Detailed deployment across Containers, Docker, Compose, Kubernetes, OpenShift, Minikube, Helm, Code Engine, AWS and Azure is available through the project documentation page.

Integration with VS Code and GitHub Copilot

One of the most practical applications is connecting MCP Gateway to GitHub Copilot in VS Code. This gives Copilot access to all your tools through a single, secure connection.

Generate a JWT token and test it:

python -m mcpgateway.utils.create_jwt_token \
--username admin --exp 0 --secret my-test-key

curl -s -H "Authorization: Bearer $MCPGATEWAY_BEARER_TOKEN" \
http://localhost:4444/version | jq

Spin up a couple of MCP Servers:

pip install uvenv
npx -y supergateway --stdio "uvenv run mcp-server-git"

Add the MCP Servers to your gateway, under “Gateways”.

Now, create a Virtual Server under the Servers Catalog tab, adding just the tools you want to share with your MCP Clients.

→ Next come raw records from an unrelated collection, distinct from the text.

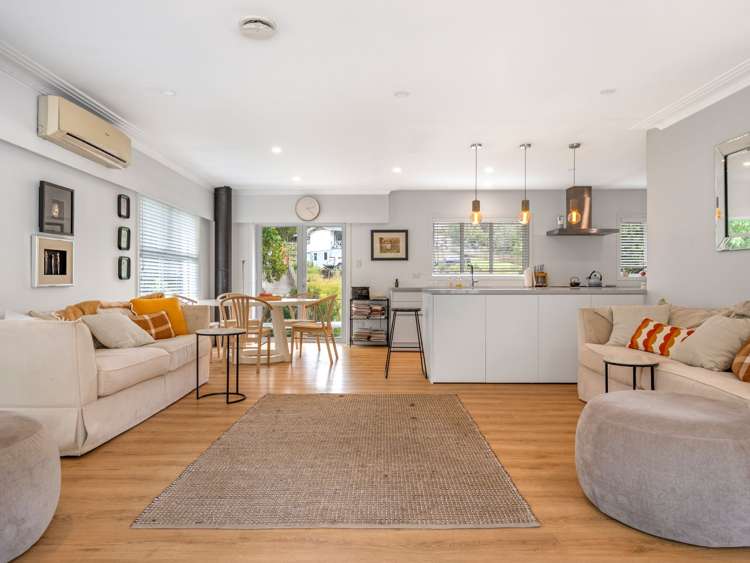 13 Hartles Place Mellons Bay_2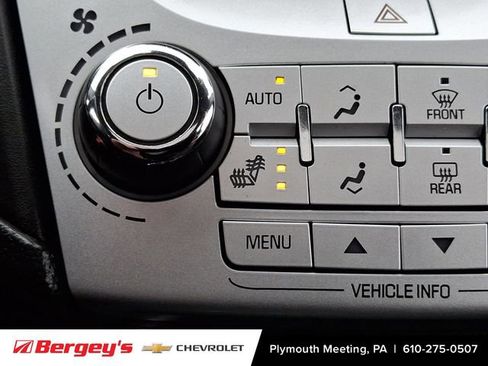 Used 2017 Chevrolet Equinox LT image 24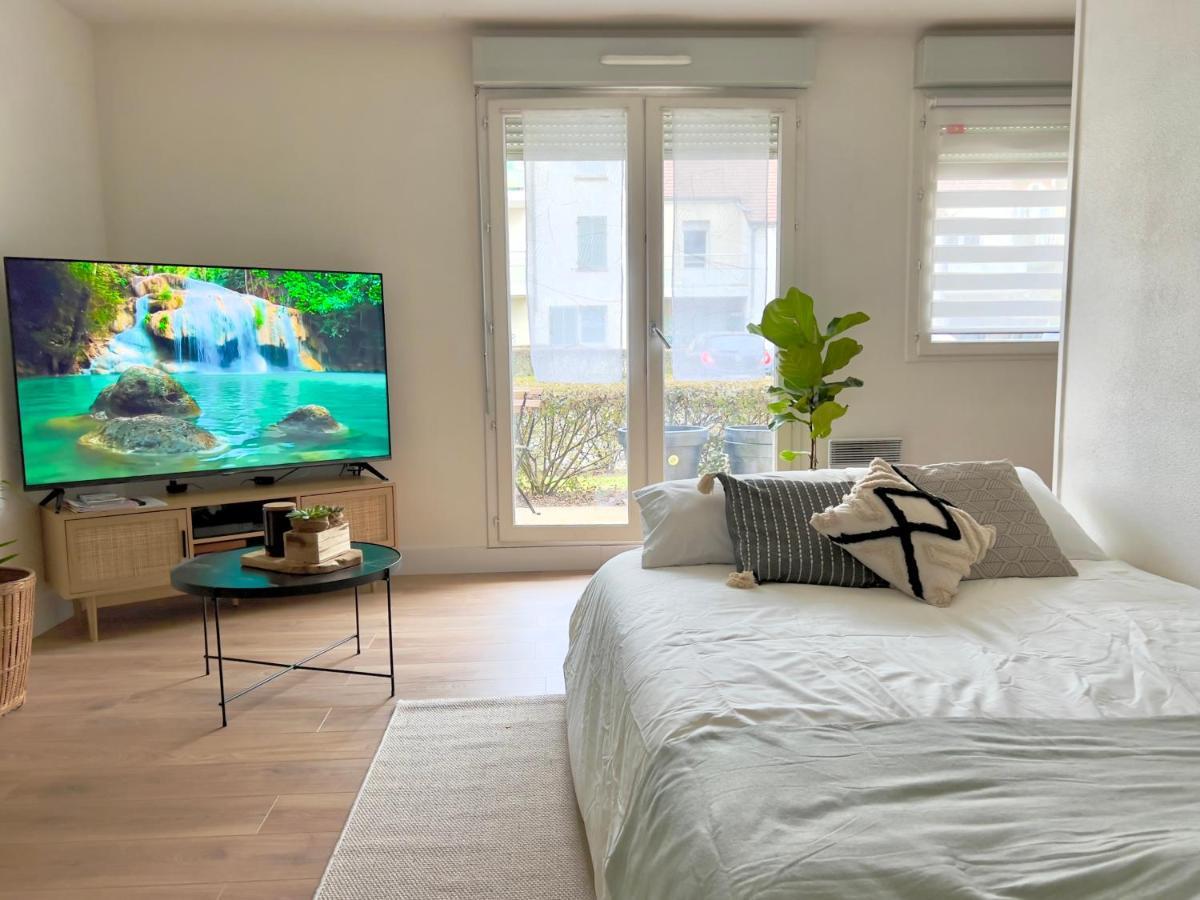 La Voulzie Appartement - Proche Centre Avec Parking Prive プロヴァン エクステリア 写真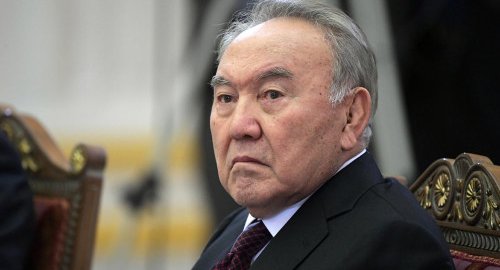 Депутат Назарбаевтың Қазақстаннан шығуын шектеуді ұсынды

Then, enable MCP support in VS Code by adding "chat.mcp.enabled": true to your GitHub Copilot Chat settings.json. Then add a mcp configuration block as described in VS Code the documentation:

{
"servers": {
"gateway": {
"type": "sse",
"url": "http://localhost:4444/servers/1/sse",
"headers": {
"Authorization": "Bearer YOUR_JWT_TOKEN"
}
}
}
}

Press Ctrl + Alt + I to open Copilot Chat, and click on Tools. You’ll see all your gateway-managed tools available in the Tools panel:

Troubleshooting

You can use MCP Inspector to access the Global Tools catalog: http://localhost:4444/tools — then each of the individual virtual servers you’ve created. Ex: http://localhost:4444/servers/1/sse

npx @modelcontextprotocol/inspector

Real-World Impact

Instead of maintaining separate connections to a dozen different tool servers, each with its own authentication, error handling, and monitoring, you manage one gateway instance. When you need to add a new tool, you register it with the gateway rather than updating every client.

This architectural change becomes more valuable as your tool ecosystem grows. Whether you’re building a personal AI assistant or deploying enterprise-scale automation, MCP Gateway eliminates the integration overhead that typically consumes more time than the actual feature work.

The gateway is production-ready with Kubernetes support, Helm charts, and comprehensive monitoring. You can start with the simple Docker setup and scale up as needed.

Try It Out

The Model Context Protocol represents an important step toward standardized AI tool integration, but the implementation reality is still fragmented and the protocol and MCP ecosystem is going to evolve over time. MCP Gateway helps bridge that gap, turning different MCP servers into a unified, secure, and observable system.

Give it a try-you’ll spend less time on plumbing and more time building the AI experiences that matter.